The rule is simple: if an engineer has to look something up because the skill does not have the answer, that answer belongs in the skill before the next engagement.

This process has surfaced gaps that no amount of upfront planning would have caught — edge cases in how NiFi handles sensitive parameters, undocumented differences between processor types that appear identical in documentation, and authentication behaviors that only manifest in specific provider configurations.

The gap log in SKILL_BUILDING_GUIDE.md tracks every entry: the question that triggered it, the verified answer, the source (runtime query, official docs, or live production observation), and the reference file updated. This log is committed to the repository alongside the skill files so the team can see exactly how the skill evolved and why each entry exists.

The Gap Log Format

Each entry follows a consistent structure:

Over time, the gap log becomes as valuable as the reference files themselves. It shows which patterns were hard to get right, which error messages are most commonly encountered, and which parts of the skill have been tested against production versus documented solely from API references.

How the Skill Learns

Beyond the gap log, we designed three feedback loops to continuously improve skills through real use.

Loop 1: Engineer Questions

Every question the skill cannot answer is added to the gap log with the verified answer. The skill improves after every production engagement. The compound effect is significant — a skill that starts with gaps in credential handling, controller service configuration, and file format processing becomes progressively more complete with each engagement it supports.

Loop 2: Runtime Discovery

When the OpenFlow runtime upgrades, the discovery script re-runs against all documented processors. Diff reports identify property additions, removals, and default changes. Documentation is updated before engineers encounter the changes in production.

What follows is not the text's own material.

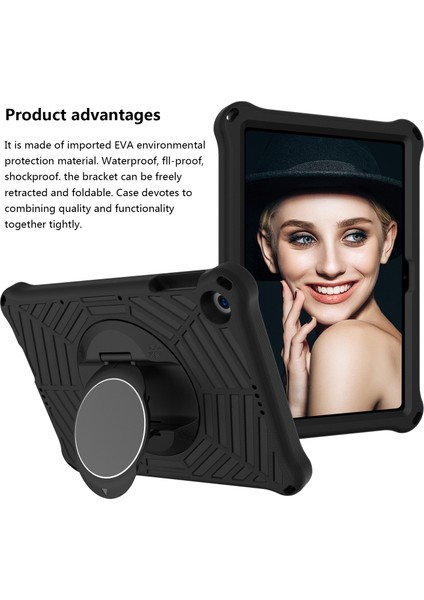 Huawei Matepad T 10 / T 10S Siyah Kılıf (Yurt Dışından)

Loop 3: Completed Migrations

SP_EXTRACT_SKILL_PATTERNS is a Snowflake stored procedure in design that runs weekly against migration audit tables. It identifies patterns that succeeded consistently across multiple migrations, flags patterns that repeatedly required manual intervention, and generates a SKILL_IMPROVEMENT_SUGGESTIONS table for engineer review.

The flywheel: more migrations → more audit data → better pattern extraction → more accurate skill → faster migrations. The skill becomes more reliable with every deployment it helps with.

Conclusion

The most important lesson from building this skill is methodological, not technical. A skill built from memory and assumptions fails quietly. A skill built from three-source verification, with an explicit process for capturing gaps from production use, is one that engineers can trust.

The adf-migration skill today covers 20+ activity types, six verified reference files, a discovery utility that keeps documentation accurate across runtime upgrades, and a gap log that grows with every engagement. More importantly, it has a methodology for getting better. That architecture — a skill that learns from real usage rather than assumptions — is the one worth building.